O editor cita como exemplos o caso de "A era do capital improdutivo", de Ladislau Dowbor, que está com o PDF liberado no blog do autor e, ao mesmo tempo, é um best-seller da Autonomia Literária; e "Calibã e a bruxa", de Silvia Federici, cujo PDF foi disponibilizado pelo coletivo sycorax, que fez a tradução, e também é um dos sucessos da editora Elefante, parceira da Autonomia Literária em diversos projetos. "Como essas editoras independentes também têm um perfil político, de esquerda, porque querem transformar não só o mercado editorial, mas o mundo, elas engajam mais seus leitores -- que vão apoiá-las quando puderem, pois eles também têm um compromisso político", aposta.

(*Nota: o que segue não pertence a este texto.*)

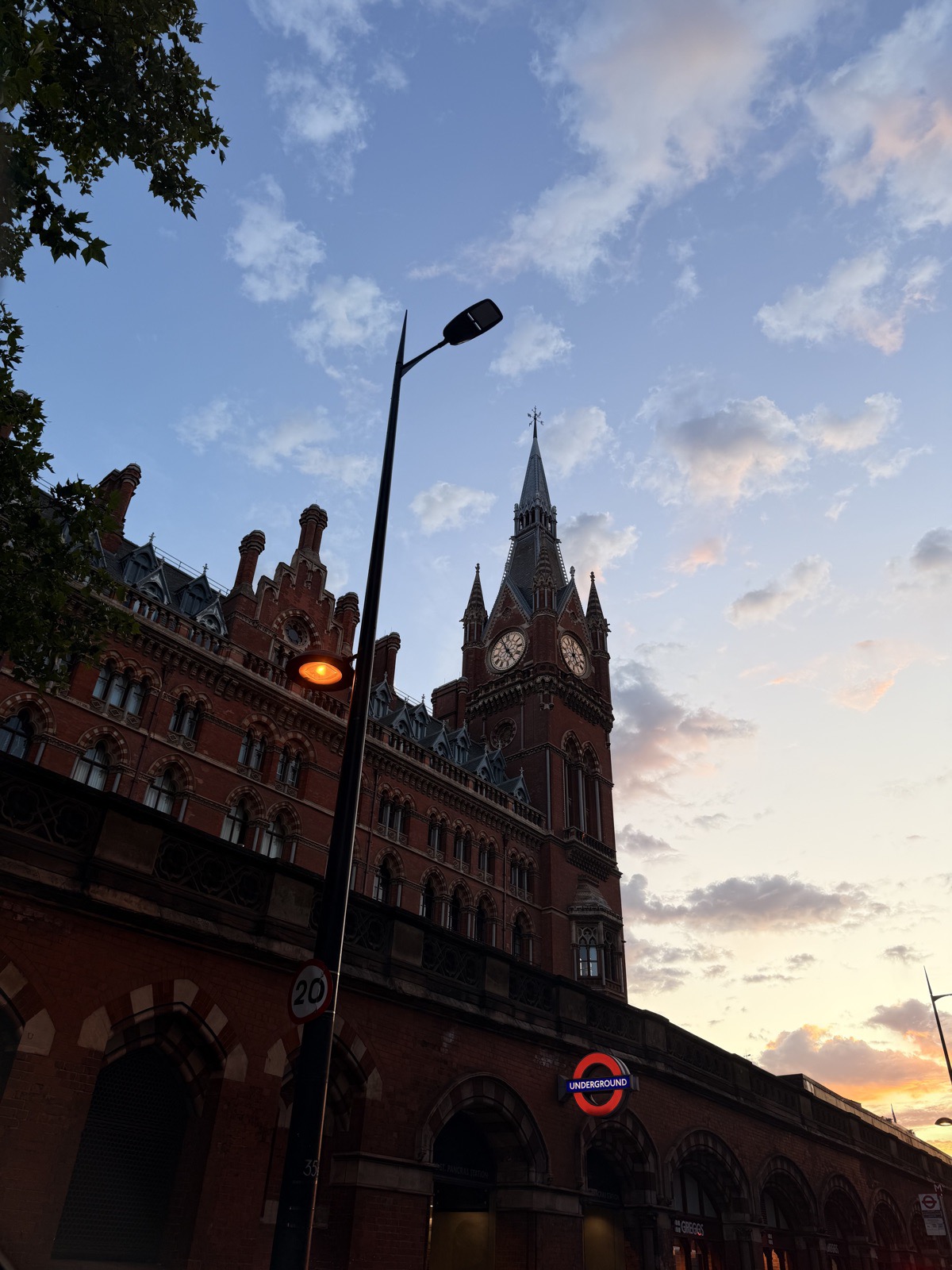 St Pancras station's Gothic red brick clock tower silhouetted against a pastel sunset with an Underground roundel glowing below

Nos últimos tempos, também se alastrou um PDF não-liberado de "Revolução africana: uma antologia do pensamento marxista", organizada por Jones Manoel e Gabriel Landi Fazzio, e publicada pela Autonomia Literária. Para Manoel, a questão é "simples": "Quem não puder comprar o livro, ótimo que tenha acesso ao material. O mais importante é difundir a teoria revolucionária e o conhecimento crítico. Se você tem condições financeiras, porém, [...] ajude comprando o livro", postou.

"O que me preocupa é um discurso abstrato pseudo-radical de se vangloriar de divulgar PDFs e não perceber que, para o PDF circular, alguém precisa produzir. Alguém precisa escrever, traduzir, revisar, editar, editorar. É importante não perder de vista a cadeia produtiva do livro", acrescenta, em entrevista ao TAB. Na condição de autor, o historiador e militante marxista propõe que os leitores lembrem da produção e ponderem o impacto de circular livros livremente para os trabalhadores (autores, designers, editores etc.) e as editoras, principalmente pequenas e médias. "Vale um debate sobre consumo consciente."